As far as your next statement "Data requires reasoning and logic, as well as
allowing changes that conflict with tradition', well I spent over 20 years
dealing with all sorts of data, from analysis to collection to cleansing and
so forth. From my perspective, I have to ask you a question as to what
specific definition are you assigning to the word "data". This word has quite
varying meanings and what one group may use as their definition for "data" may
be at complete odds for what another group might be using as their definition.

As far as your statement is concerned, I have had to deal with many groups who
do not apply reasoning and logic when it comes to "data". They have "faith" as
in the blind kind that their data is correct. It is not uncommon for people to
assume that the information at hand is "true" just because it is in some
database somewhere or it accords with their belief system.

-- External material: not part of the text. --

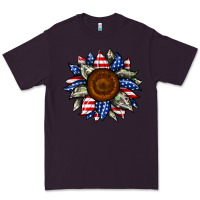Plum sunflower american flag Premium Tee - JahusDesignShop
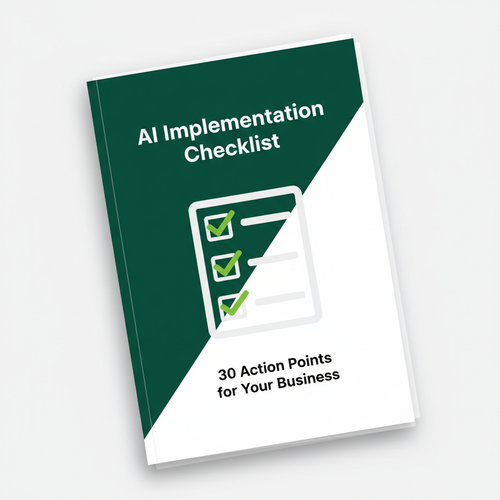 AI Implementation Checklist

I am a disciple of Jesus Christ. I have looked at the evidence that is
available for the historicity of Jesus Christ and what His disciples of that
day said and did. The evidence suggests that He is who He says He is. This has
lead to studying what other evidence exists and there is plenty. This evidence
has lead to a considered trust which is one of the definitions of "faith". To
that end, I have accumulated more "data" as in evidence that Jesus Christ is
the Creator of the universe and that what He has said as recorded in the New
Testament is consistent with reality.

What has interested me is that there are many who stand in opposition to the
idea that Jesus Christ is Creator of the universe and all that goes with this
and they exhibit a blind "faith" in their worldview. It appears that their
"faith" is emotional and traditions based with an underlying attitude that
anyone who actually investigates the matter is an idiot.